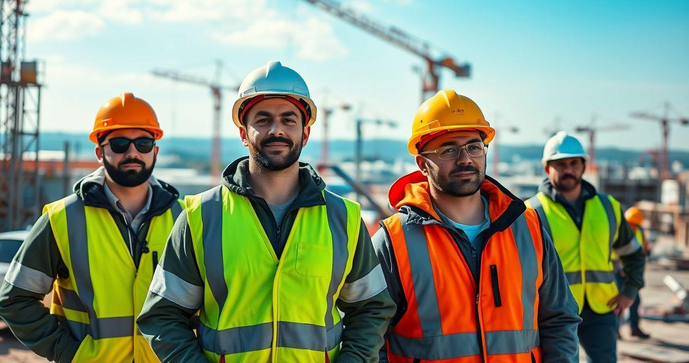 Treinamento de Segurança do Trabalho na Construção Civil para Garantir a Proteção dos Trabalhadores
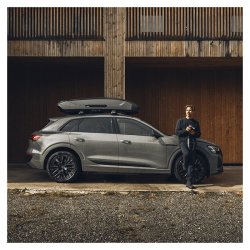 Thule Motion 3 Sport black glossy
--
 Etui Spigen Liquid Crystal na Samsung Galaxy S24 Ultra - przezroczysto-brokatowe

- _Exercise brief_
Pictures excluded, reproduce only the part above that opens with the line holding "Treinamento de Segurança" and closes with the line holding "Thule Motion 3 Sport black glossy", exactly as written.

- _Result of the task_
 Treinamento de Segurança do Trabalho na Construção Civil para Garantir a Proteção dos Trabalhadores
 Thule Motion 3 Sport black glossy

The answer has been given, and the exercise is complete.